Yours truly continues this carnival with a look at Expats and Broken Marriages–Who is to Blame? Since we, humans, tend to assign blame in almost every situation that troubles us, here is a good way to step away from blame and see how else we can either prevent a dissolution of a marriage or make our peace with it.

Orphan Spouses also focuses on the topic of marriage (or partnership). In this very interesting piece, Anne Gilme discusses the pitfalls and the effects of short-term expatriation where one partner goes on assignment just for a few weeks/months while the other one stays home.
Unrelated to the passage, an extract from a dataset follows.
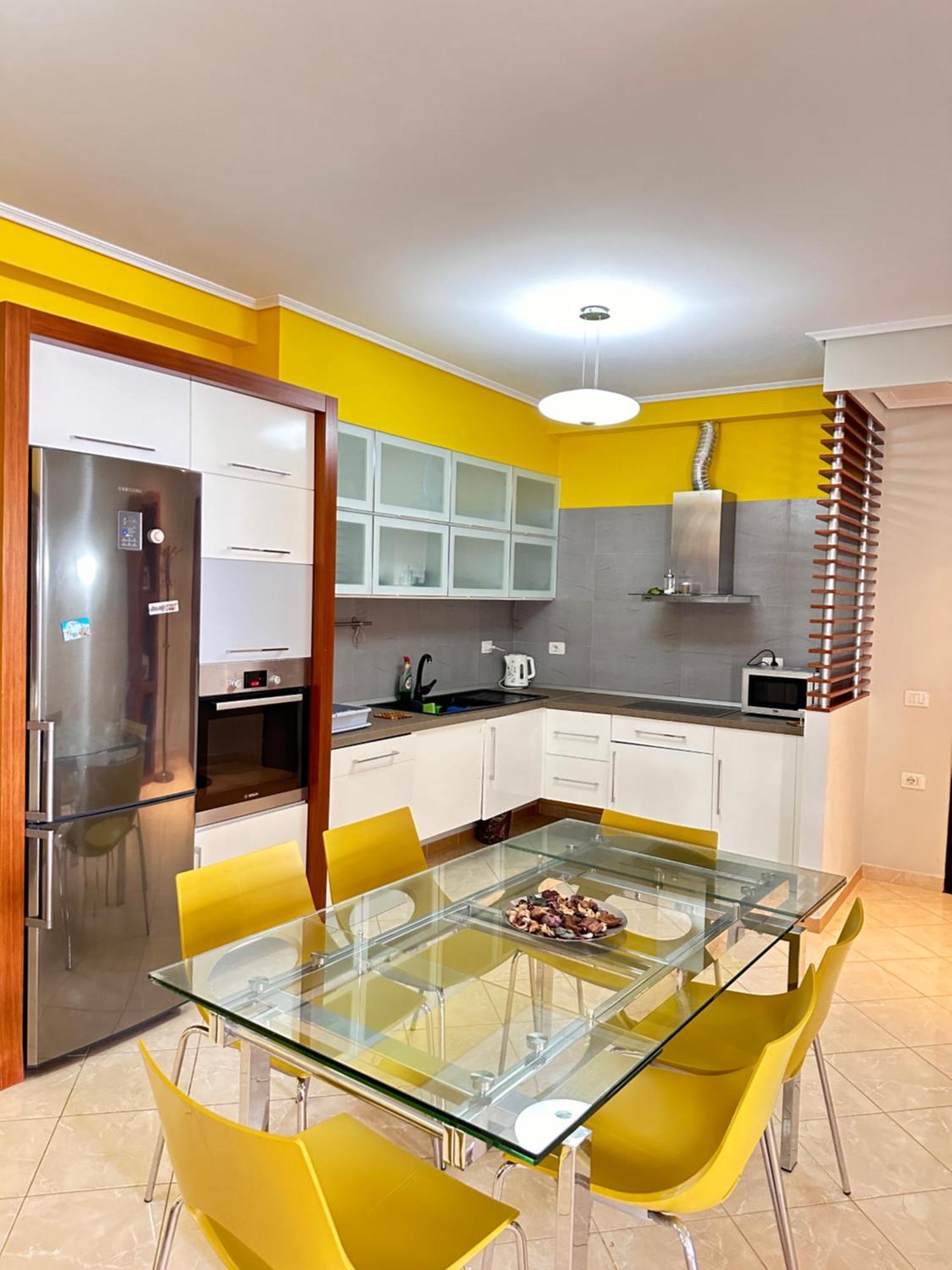 Design Sea View Apartment Sarandë 外观 照片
Moving on to relationships with children, Reflections on the Expat Life by 3rdCultureChildren touches upon the difficulties that children experience when following their parents around the world — and the approach that parents can take to make those moves easier.

Improving your relationship with your children is the focus of Why we moved: Part 3 post by Noemi Gamel. Becoming an expat can certainly be one of the roads that allows us to focus on motherhood and being there for our kids.

Moving on to the topic of relationship mistakes, Norman Viss covers Three relationship mistakes you may not know you are making.

Relationships can certainly be helped by our ability to start and hold a conversation and Tania Desa provides us with a few pointers on The Secret to Sparking a Conversation with Anyone. 

And finally some humor — not your regular kind of contribution but something an expat may want to know:

Written by an English woman living abroad (NicolaJane) — How to date like an Englishman

Thanks for stopping by and I hope you enjoyed this Intercultural Blog Carnival!